Dear N

A few weeks ago, I was invigilating a mock board exam paper for the class 9 students. As the exam wound up and I collected everyone’s answer papers, one of the girls told me “I’m sorry I couldn’t put your name Akka, but I didn’t have enough words to spare.” I evidently must have looked puzzled because she was quick to clarify. “Look at my essay and then you will know,” she said. Obviously, I did.

One of the essay questions in the paper was a letter to a friend describing something “new” that one had done in the recent past. What did you feel at that moment? Would you want to do it again? I had students writing about imaginary paragliding expeditions and organising charity events. There were a couple of pieces on volunteering and social work. There was, however, one piece that made me smile a little bit wider. A girl in my class had written about how she recently got published in The Hindu and that was the latest Big Thing in her life. I felt happy, she wrote, and of course I want to do it again – I want to be a full-time journalist.

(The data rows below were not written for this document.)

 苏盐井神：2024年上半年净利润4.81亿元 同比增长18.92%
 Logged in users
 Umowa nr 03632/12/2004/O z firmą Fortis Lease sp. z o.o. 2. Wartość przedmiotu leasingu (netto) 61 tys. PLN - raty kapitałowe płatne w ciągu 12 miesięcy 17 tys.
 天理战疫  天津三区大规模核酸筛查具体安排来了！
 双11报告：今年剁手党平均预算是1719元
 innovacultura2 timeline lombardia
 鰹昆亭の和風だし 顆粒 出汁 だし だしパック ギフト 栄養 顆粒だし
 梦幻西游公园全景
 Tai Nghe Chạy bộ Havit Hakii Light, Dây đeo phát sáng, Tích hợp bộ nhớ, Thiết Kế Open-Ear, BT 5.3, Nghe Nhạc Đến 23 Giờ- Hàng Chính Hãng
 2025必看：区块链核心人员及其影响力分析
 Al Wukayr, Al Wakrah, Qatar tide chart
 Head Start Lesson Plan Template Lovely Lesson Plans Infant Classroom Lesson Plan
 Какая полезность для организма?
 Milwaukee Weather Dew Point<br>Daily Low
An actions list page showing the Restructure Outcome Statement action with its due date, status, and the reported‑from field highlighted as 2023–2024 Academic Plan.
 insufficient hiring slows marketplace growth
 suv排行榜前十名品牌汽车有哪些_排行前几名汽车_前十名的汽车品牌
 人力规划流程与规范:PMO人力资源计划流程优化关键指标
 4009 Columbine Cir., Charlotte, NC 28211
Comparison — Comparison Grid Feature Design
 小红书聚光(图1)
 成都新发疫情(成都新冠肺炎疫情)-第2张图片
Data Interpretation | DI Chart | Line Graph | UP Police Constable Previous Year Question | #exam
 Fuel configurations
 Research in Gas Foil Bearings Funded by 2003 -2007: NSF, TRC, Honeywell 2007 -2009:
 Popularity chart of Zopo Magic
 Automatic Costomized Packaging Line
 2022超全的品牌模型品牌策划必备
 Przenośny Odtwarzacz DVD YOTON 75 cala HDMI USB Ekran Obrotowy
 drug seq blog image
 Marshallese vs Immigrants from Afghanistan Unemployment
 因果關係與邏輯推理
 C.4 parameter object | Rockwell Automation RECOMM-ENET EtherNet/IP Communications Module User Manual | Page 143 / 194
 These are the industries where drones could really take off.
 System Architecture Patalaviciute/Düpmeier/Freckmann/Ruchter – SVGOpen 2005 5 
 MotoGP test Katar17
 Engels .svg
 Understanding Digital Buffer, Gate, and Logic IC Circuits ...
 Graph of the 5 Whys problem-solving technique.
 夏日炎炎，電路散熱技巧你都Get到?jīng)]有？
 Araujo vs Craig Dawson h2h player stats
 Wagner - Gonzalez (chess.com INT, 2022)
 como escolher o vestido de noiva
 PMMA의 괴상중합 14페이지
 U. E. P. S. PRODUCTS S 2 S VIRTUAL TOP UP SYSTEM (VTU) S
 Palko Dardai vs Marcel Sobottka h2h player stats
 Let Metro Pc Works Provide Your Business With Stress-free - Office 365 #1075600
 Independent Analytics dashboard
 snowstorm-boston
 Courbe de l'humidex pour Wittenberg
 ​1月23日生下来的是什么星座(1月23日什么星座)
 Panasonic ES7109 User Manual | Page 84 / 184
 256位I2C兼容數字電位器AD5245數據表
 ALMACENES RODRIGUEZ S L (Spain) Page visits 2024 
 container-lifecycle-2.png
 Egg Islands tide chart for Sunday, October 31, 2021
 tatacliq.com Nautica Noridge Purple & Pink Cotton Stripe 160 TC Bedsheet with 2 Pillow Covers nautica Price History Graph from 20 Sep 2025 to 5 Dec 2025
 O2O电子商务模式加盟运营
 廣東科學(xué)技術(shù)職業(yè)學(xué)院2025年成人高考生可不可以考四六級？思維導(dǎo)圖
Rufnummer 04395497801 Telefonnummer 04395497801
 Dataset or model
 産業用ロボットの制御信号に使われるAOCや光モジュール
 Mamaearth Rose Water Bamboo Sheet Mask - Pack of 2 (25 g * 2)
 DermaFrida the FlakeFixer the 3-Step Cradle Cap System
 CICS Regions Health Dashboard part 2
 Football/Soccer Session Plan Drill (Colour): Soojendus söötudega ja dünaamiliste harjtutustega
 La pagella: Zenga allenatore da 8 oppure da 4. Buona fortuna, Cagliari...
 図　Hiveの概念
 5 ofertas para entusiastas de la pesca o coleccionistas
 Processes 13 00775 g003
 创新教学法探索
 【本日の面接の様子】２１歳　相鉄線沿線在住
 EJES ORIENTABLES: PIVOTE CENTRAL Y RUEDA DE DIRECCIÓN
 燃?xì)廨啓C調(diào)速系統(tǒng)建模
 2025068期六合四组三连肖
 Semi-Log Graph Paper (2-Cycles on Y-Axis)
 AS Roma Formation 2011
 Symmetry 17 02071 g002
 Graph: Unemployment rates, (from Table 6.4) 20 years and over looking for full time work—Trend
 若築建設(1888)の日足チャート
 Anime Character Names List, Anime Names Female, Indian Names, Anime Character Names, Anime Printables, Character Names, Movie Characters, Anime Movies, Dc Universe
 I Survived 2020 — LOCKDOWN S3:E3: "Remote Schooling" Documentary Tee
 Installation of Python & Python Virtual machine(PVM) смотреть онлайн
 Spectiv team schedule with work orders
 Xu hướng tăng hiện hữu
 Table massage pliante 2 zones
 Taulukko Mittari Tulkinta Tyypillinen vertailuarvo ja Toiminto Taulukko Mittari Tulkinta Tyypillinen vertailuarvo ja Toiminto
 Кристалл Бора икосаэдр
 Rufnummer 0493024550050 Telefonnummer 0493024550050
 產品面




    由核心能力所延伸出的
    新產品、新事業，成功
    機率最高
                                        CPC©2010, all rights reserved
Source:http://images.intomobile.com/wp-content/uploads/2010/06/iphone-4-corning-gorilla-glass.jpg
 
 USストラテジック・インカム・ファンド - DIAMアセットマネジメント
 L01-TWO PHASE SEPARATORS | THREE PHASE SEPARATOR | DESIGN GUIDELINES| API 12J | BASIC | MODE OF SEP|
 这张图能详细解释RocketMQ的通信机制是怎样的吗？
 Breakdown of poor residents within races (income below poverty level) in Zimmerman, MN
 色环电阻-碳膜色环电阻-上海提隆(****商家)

A few weeks later, I used one of my articles that seemed conducive for a comprehension exercise in class (a feature on a radio station run by blind RJs that you can find here). They groaned and moaned through the exercise and soon it was done, and at least in my mind, long forgotten. Yet evidently not. Three days after this exercise, a senior teacher (mother of said girl incidentally) came up to me and said her daughter had now made up her mind to write, so could I please help her? I told her I would see what I could do.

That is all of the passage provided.